Ok, so I've been learning about lvalues and rvalues - could somebody well versed in C/C++ tell me if my thinking is correct?
Consider the code:
int i = 3;
int j = i;
Here we have two lvalues i and j, when i is assigned to j it becomes an implicit rvalue because a copy of i is stored in j. If however the code looked like:
int i = 3;
int j = &i;
Would both j and &i be lvalues because they are both physical addresses in memory? The way I understand it is that rvalues are temporary data, whereas lvalues have a physical/referenceable memory address.
Any clarification on this would be great!
The variable i never stops being an lvalue. If you can apply the address-of operator to something (like you do in the second example) then it's an lvalue.
Also in the second example &i is a pointer to i, and has the type int*. You have a type mismatch there between the declaration of j and the value you want to initialize it with.
Lastly, while i by itself is a lvalue the expression &i is not an lvalue, because you can't apply the address-of operator to it (i.e you can't do &&i).

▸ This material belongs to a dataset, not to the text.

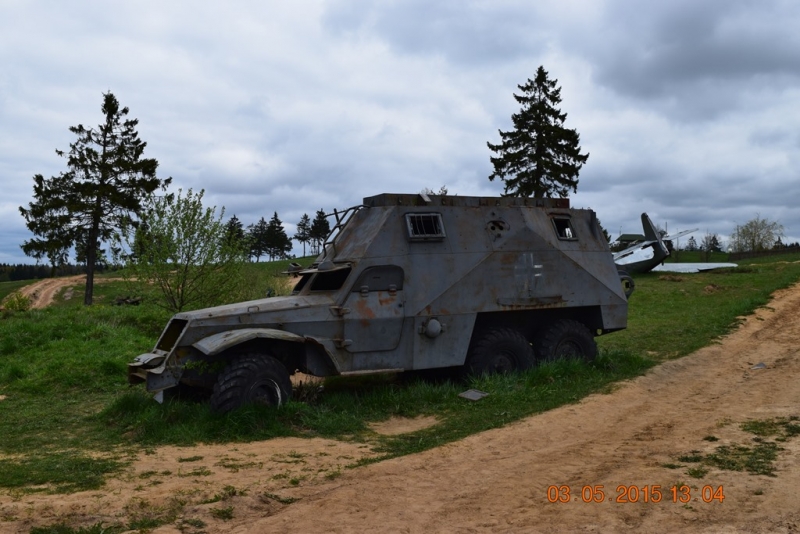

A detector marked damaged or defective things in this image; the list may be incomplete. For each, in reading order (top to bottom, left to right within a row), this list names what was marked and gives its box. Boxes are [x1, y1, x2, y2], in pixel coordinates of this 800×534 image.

Here we have two lvalues i and j
Yep
when i is assigned to j it becomes an implicit rvalue because a copy of i is stored in j
Not really, i is still an lvalue, but it's converted to an rvalue to read its value. This is called an lvalue-to-rvalue conversion. j is still an lvalue.

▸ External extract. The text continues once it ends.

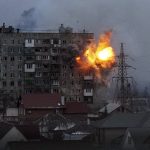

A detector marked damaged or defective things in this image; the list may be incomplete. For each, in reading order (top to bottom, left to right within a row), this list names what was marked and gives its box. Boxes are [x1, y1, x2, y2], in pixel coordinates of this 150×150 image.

burned exterior [0, 23, 94, 105] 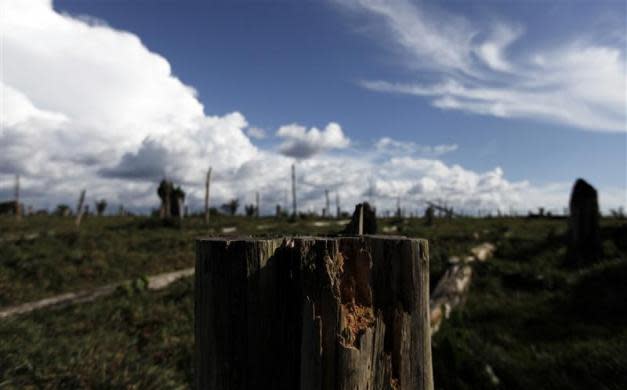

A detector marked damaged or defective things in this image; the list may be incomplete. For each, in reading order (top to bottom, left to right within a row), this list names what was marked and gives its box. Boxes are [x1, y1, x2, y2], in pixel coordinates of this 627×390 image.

splintered wood [196, 235, 432, 390]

Would both j and &i be lvalues because they are both physical addresses in memory?
j is an lvalue, but &i is an rvalue; specifically a prvalue of type int*.
Being an lvalue or an rvalue is a property of an expression. Generally, all expressions which constitute a non-const qualified identifier are modifiable lvalues:
int i = 5;
i; // the expression "i" is an lvalue and is modifiable
const int j = 3;
j; // the expression "j" is still an lvalue, but not modifiable
An lvalue expression (unless qualified with const) can be modified through any of the assignment, ++ or -- operators. You can also apply the & "address-of" operator on such an expression.
Some operators like the unary *, the array subscript operator [], and the . and -> operators also yield lvalues. This means that you can say, for example, *p = 3, or a[i] = 5, or b.c++ or &c->d.
On the other hand, expressions which are not lvalues are rvalues (they are temporary and cannot be modified). If you write something like 3 = 5 or 7++, the compiler will complain that the 3 and 7 subexpressions are not lvalues.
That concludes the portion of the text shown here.